One mechanism for getting around this: allow a Teacher to view two concatenated copies of the Student’s response. This gives the Teacher non-causal “backward attention,” where later tokens can inform the understanding of earlier ones. The Teacher’s improved logits then serve as a training signal for the Student.

This isn’t purely speculative: Google’s “Prompt Repetition” work⁷ showed that simply repeating the prompt gives models a form of backward attention that improves performance. A Teacher that is allowed to have explicit forward attention (even though performed by looking backward) could provide a much stronger version of this signal.

Connecting Mechanisms to Meta-Tools#

The mechanisms described above aren’t arbitrary architectural proposals. They each map onto one of the mental meta-tools from the previous post:

• Decomposition: vector-quantised inter-token overlays as “atomic thinking strategies”
• Strategy switching: the inter-token layer as meta-controller, selecting thinking modes based on layer-wise dynamics
• Self-monitoring: layer-backwards signals providing cheap self-assessment of reasoning quality
• Self-prompting: distillation with teacher-student collapse (DINO-style⁸), teaching the model to lay track in its own context
• Epistemic calibration: logit entropy and consensus signals as uncertainty awareness; risk-managed reward structures

The common thread is that all of these operate above the token level. They’re about giving the model access to information about its own reasoning process, and the ability to steer that process, rather than just predicting the next token well.

What to Try First#

As for the question fo how to sequence some experiments, perhaps a reasonable path would be from the most straightforward to the most novel:

Consensus-based self-improvement is probably the lowest-effort starting point. Take a strong base model, generate many rollouts, and use consensus answers as targets. Naturally, confirm first that reasoning quality improves on the validation set, then, critically, check whether that improvement transfers to unseen domains. That transfer test is a direct check on the meta-learning hypothesis.

Dense distillation with a privileged Teacher is the next step. Train a Student with a Teacher that has access to ground-truth, and compare learning speed and generalisation against RLVR alone. The question here is whether higher-density reward signals change what the model learns, not just how fast it learns.

Inter-token overlays are the most architecturally novel proposal. Start simple: an MLP overlay initialised at zero, trained on reasoning tasks with the base model frozen. See if the overlay learns interpretable “thinking modes.” If vector-quantised, check whether the discrete codes correspond to recognisable reasoning strategies.

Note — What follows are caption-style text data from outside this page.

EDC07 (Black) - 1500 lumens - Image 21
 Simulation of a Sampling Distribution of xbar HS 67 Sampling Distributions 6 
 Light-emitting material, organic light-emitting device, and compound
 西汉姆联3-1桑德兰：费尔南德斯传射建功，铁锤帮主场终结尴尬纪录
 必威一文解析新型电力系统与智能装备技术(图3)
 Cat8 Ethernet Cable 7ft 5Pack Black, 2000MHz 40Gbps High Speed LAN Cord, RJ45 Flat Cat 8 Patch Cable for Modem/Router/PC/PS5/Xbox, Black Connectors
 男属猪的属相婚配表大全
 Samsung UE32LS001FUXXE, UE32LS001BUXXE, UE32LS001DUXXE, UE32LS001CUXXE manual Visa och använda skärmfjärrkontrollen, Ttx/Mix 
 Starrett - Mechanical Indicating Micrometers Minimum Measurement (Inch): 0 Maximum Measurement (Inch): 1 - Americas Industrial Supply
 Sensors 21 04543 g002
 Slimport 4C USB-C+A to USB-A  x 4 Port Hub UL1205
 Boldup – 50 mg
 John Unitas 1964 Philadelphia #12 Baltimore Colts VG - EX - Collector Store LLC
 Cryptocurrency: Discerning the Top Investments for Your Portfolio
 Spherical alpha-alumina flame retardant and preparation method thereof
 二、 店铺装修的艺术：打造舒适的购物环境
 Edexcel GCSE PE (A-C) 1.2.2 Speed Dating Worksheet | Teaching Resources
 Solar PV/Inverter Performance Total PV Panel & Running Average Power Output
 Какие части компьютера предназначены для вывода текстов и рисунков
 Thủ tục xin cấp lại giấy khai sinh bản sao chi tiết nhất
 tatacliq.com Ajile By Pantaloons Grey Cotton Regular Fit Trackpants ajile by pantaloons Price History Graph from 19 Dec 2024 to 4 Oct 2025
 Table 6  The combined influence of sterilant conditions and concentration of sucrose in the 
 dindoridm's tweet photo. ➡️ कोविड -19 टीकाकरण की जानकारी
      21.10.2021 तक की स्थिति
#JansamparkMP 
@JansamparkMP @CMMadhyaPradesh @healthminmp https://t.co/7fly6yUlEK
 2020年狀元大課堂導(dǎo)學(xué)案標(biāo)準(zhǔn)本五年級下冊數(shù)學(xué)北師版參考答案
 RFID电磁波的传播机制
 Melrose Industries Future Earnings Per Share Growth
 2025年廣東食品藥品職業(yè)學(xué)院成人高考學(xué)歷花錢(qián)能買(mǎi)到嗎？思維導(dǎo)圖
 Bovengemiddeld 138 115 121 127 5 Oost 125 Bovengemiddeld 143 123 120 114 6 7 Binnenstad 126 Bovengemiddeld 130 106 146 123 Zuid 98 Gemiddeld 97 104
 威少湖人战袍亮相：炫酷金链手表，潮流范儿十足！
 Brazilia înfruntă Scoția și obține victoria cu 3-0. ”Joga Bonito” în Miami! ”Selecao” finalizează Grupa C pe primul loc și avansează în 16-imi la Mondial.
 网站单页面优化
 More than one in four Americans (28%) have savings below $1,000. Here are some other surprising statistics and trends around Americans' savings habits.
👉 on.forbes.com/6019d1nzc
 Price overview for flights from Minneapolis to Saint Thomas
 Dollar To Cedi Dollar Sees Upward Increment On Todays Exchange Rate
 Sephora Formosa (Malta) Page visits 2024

A non-causal Teacher would test a different assumption entirely. Implement the two-copy Teacher and measure whether it produces meaningfully different training signals from a standard causal Teacher. If backward attention helps the Teacher produce better targets, that’s evidence that left-to-right token generation is genuinely limiting reasoning quality.

Each experiment is self-contained but builds toward the broader goal from the previous post: giving models the ability to direct their own reasoning, rather than just generating plausible reasoning tokens.

This is the second of two posts. The first, “Learning to Think, Not Learning to Solve”, provides the conceptual argument for why these mechanisms matter.